相続税の支払い|連帯納付義務に注意。
元来相続人は、ご自身の相続税だけを支払えば事足ります。しかし、すべての相続人は連帯納付義務をおうため、他の相続人分の相続税を支払う必要が出てくるおそれもあります。今回は、そんな連帯納付義務をくわしく説明します。
目次
注意すべき連帯納付義務
連帯納付義務の意味
連帯納付義務とは、相続税の総額を相続人全員で連帯して納税する義務です。簡単に言うと、ある相続人が納税できないときに、他の相続人が代わりに納税する必要が出てくるのが、連帯納付義務です。
たとえば相続税総額が2,000万円、2人の相続人がそれぞれ50%ずつ納税するとしましょう。このとき片方の相続人が何かしらの理由で納税できなくなると、もう片方の相続人が2,000万円を納税する義務をおうおそれが出てきます。
連帯納付義務者の範囲
相続税法第34条により、「同じ被相続人から相続もしくは遺贈により財産を取得した全ての者」が連帯納付義務をおうこととなっています。
したがって、法定相続人に限らず、遺言で遺産を相続した第三者も連帯納付義務を負います。
連帯納付義務で負担する相続税の上限と期限
どのくらいまで負担する必要があるのか?
連帯納付義務で負担する相続税の上限は、ご自身が受け継いだ財産の価額までとなります。言い換えると、受け継いだ財産価額を上回る部分に関しては、ご自身の貯金などを崩してまで負担する必要はないのです。

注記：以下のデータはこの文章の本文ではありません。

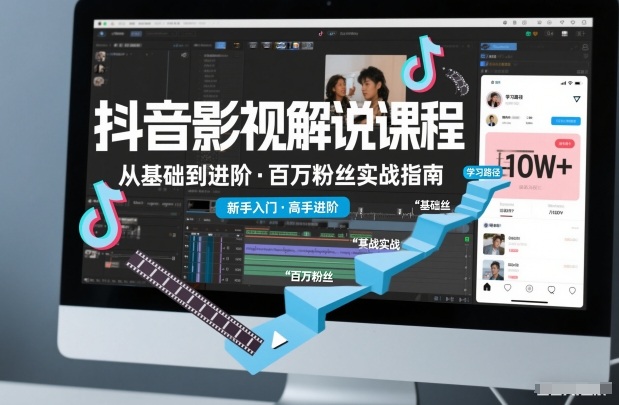 抖音百万粉丝影视解说课程，基础到进阶课，适合新手和进阶学习-知芽创业社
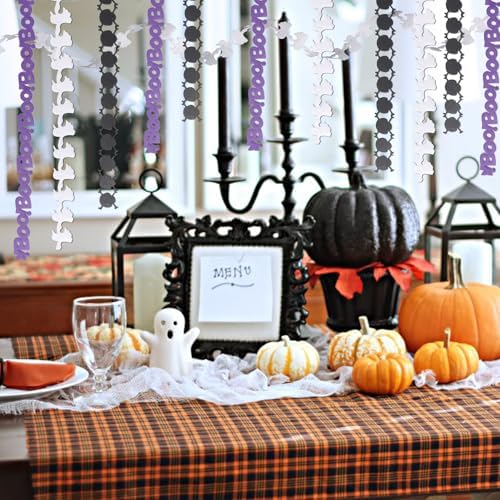 Threetols 3 Rolls 15 Yards Halloween Ribbons, Black Purple White Ghost Boo Skull Shape Craft Trim Embellishment for Gift Wrapping Party Decoration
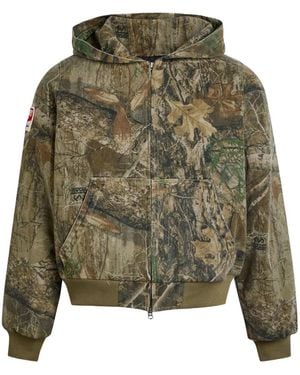 CHERRY LA Hooded Camouflage Bomber Jacket - Green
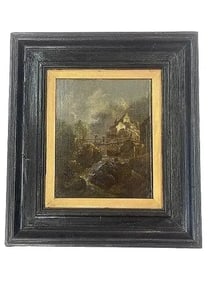Antique Dutch oil on wood panel painting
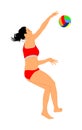 Beach volleyball player  illustration isolated on white background. Volleyball girl in action.  Summer time enjoying on sand Royalty Free Stock Photo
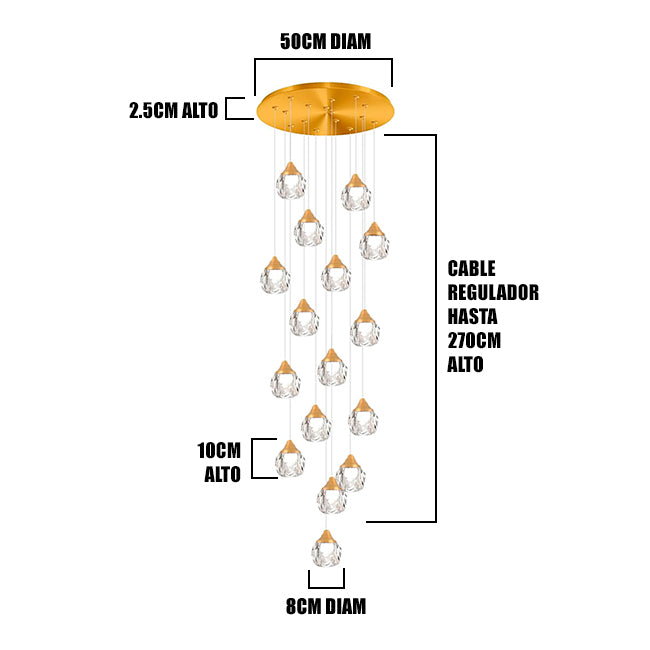 LÁMPARA COLGANTE CASCADA VERSALLES GOLD LED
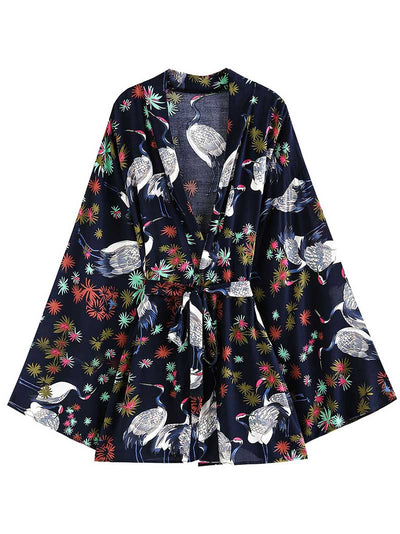 Evatrends cotton gown robe printed kimonos, Outerwear, Polyester,  Party wear, Short kimono, Board Sleeves, loose fitting, Swimwear, Printed, Birds + Floral, Belted, Dark-Blue color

たとえば相続人Aが5,000万円の財産を取得し、500万円の相続税を支払ったとしましょう。このとき相続人Bが6,000万円分の相続税を支払えなくなったら、Bが払えなくなった6,000万円の相続税のうち、Aは5,000万円−500万円=4,500万円だけを負担することになります。
いつまで連帯納付義務をおうのか?
連帯納付義務は、相続税申告の期限日から原則5年の間背おうことになります。つまり相続税申告から5年間を経過すれば、連帯納付義務により他の相続人の未納分を支払わずに済むのです。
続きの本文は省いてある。